I'm still riding with aluminum bars. They are generally safe. And
don't think that steel is going to save the day.



That looks like a very cheap handlebar. I mean something serious for MTB
use. That's what I have on it now. It's heavy. Not having a dopbar took
getting used to, might cost me a few minutes on longer trips. Though I
never spent much time in the drops.

Amazingly three car drivers stopped immediately and almost got into an
argument about who gets to bring me home, despite the bleeding. A fellow
immigrant drove me home. Almost new car, quite fancy, he just turned the
floor mats around in case of blood. He had a nice bike in the back and
put mine on top. Couldn't believe it. There are a lot of good people in
this world.

What surprised me was how much muscle and power one can lose in two
months. My avg speed down in the flatlands dropped from 15-16mph to
almost 12mph. Creeping back up and now at 14mph but that took nearly a
month. I still feel like a slowpoke.


Joerg, I'm hijacking your thread for a moment.

I was on a ride today with my riding buddy of 19 years when I touched his rear wheel with my front and went down. Dopey and not something I've done in decades. I was changing bottles and kind of bobbling around, expecting him to go straight when he turned. It was low speed, so no "helmet saved my life" claim. Anyway, I twisted my back as I fell, and when I hit the ground -- every last O2 molecule was knocked out of my lungs. 30 years ago, I would have jumped up and pretended it didn't happen. Instead, I just stayed down, wondering if I would ever get up. As you grow old, dopey little crashes are so much more consequential. The last 30 miles of that ride were the hardest I've ridden in my life. My friend was on fire, and we were really cooking before the mishap -- 62 miles and about 4000 feet of climbing, mostly rollers with a few multi-mile climbs on the way home. Beautiful, hot day, but a struggle to get home.

-- Jay Beattie.
  #10  
Old August 5th 19, 05:00 AM posted to rec.bicycles.tech
Frank Krygowski[_4_]
external usenet poster
 
Posts: 7,592
Default Crashing and Aging

On 8/4/2019 8:37 PM, jbeattie wrote:
As you grow old, dopey little crashes are so much more consequential.
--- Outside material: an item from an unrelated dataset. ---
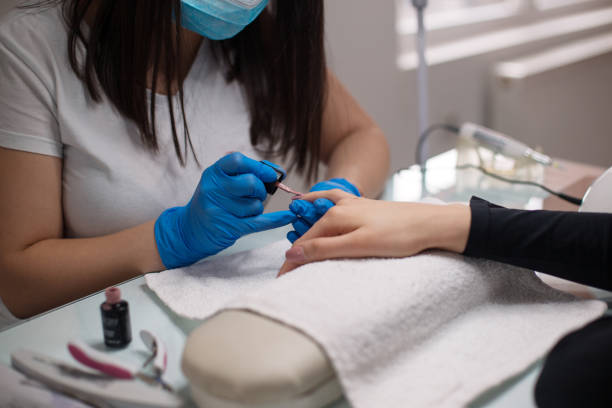 istock Young woman getting her nails done 1135602150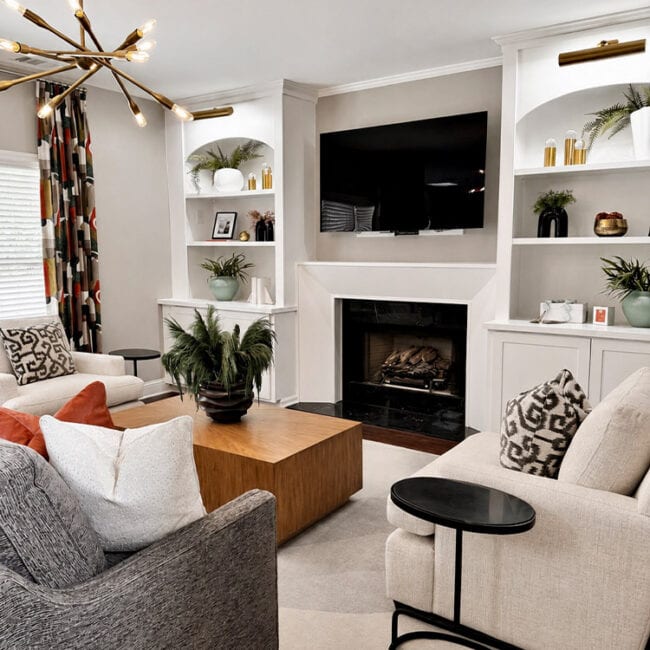 Cozy living room with fireplace, TV, and stylish decor.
This is certainly true. And of course, spectacular crashes are even more
consequential.

Someone asked me today "What's the fastest you've ever gone on a
bicycle?" I answered "54 miles per hour. But I wouldn't do that today."

I think it's entirely reasonable to be aware of our changing
limitations, and to adjust our behavior to account for them. That can
very likely mean descending slower, cornering slower and more
cautiously, maintaining greater distance between riding partners,
watching further down the road for bad surfaces or potential traffic
conflicts, etc.

I've ridden avidly as an adult for over 45 years. In that time, I've had
two moving on-road falls, one at ~10 mph, one at ~3 mph. I don't intend
to have another, and I've given up the risky variety of mountain biking.